Re: Make /tmp/ a tmpfs and cleanup /var/tmp/ on a timer by default [was: Re: systemd: tmpfiles.d not cleaning /var/tmp by default]

2024-05-07 Thread Russ Allbery

Simon Richter  writes:
> On 5/8/24 07:05, Russ Allbery wrote:

>> It sounds like that is what kicked off this discussion, but moving /tmp
>> to tmpfs also usually makes programs that use /tmp run faster.  I
>> believe that was the original motivation for tmpfs back in the day.

> IIRC it started out as an implementation of POSIX SHM, and was later
> generalized.

I believe you're correct for Linux specifically but not in general for
UNIX.  For example, I'm fairly sure this is not the case on Solaris, which
was the first place I encountered tmpfs and where tmpfs /tmp was the
default starting in Solaris 2.1 in 1992.  tmpfs was present in SunOS in
1987, so I'm pretty sure it predates POSIX shared memory.

Linux was very, very late to the tmpfs world.

> When /var runs full, the problem is probably initrd building.

I'm not quite sure what to make of this statement.  On my systems, /var
contains all sorts of rather large things, such as PostgreSQL databases,
INN spool files, and mail spools.  I have filled up /var on many systems
over the years, and it's never been by building initrd images.

> Taking a quick look around all my machines, the accumulated cruft in
> /var/tmp is on the order of kilobytes -- mostly reportbug files, and a
> few from audacity -- and these machines have not been reinstalled in the
> last ten years.

Yes, I don't think many programs use it.  I think that's a good thing; the
specific semantics of /var/tmp are only useful in fairly narrow
situations, and overfilling it is fairly dangerous.
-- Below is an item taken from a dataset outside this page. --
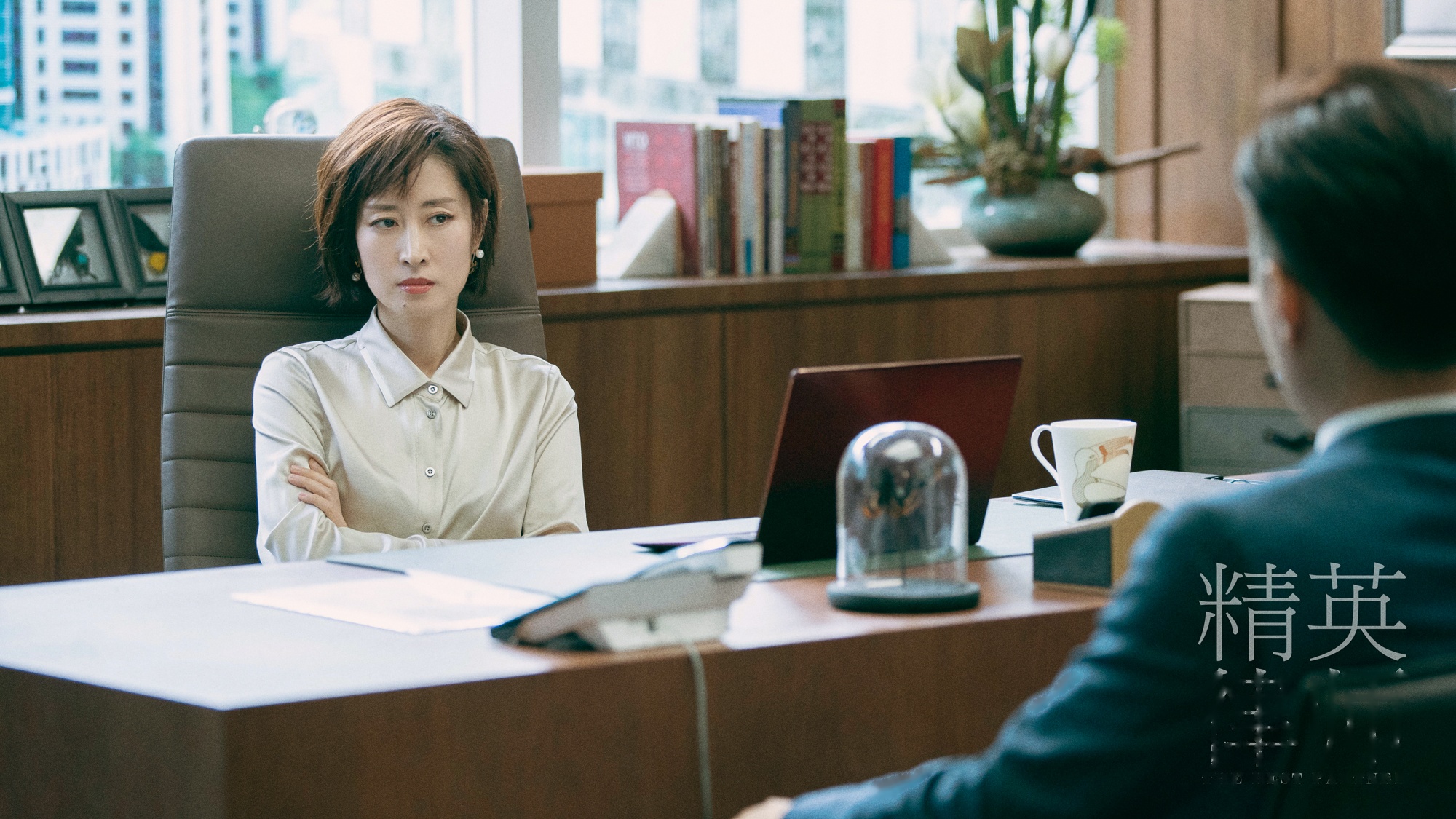 精英律师》曝光首轮剧照,多种职场关系随之揭晓,故事的开始讲述了合伙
Back in the day, /var/tmp was the thing that you used if /tmp was too
small (because it was usually tmpfs).  For example, using sort -T /var/tmp
to sort large files is an old UNIX rune.  And, of course, students would
use it because they ran out of quota in their home directories and then
get upset when their files got deleted automatically, back in the days of
shared UNIX login clusters.

-- 
Russ Allbery (r...@debian.org)  <https://www.eyrie.org/~eagle/>

Re: Make /tmp/ a tmpfs and cleanup /var/tmp/ on a timer by default [was: Re: systemd: tmpfiles.d not cleaning /var/tmp by default]

2024-05-07 Thread Russ Allbery

Richard Lewis  writes:

> btw, i'm not trying to argue against the change, but i dont yet
> understand the rationale (which id like to be put into the
> release-notes): is there perhaps something more compelling than "other
> distributions and upstream already do this"?

It sounds like that is what kicked off this discussion, but moving /tmp to
tmpfs also usually makes programs that use /tmp run faster.  I believe
that was the original motivation for tmpfs back in the day.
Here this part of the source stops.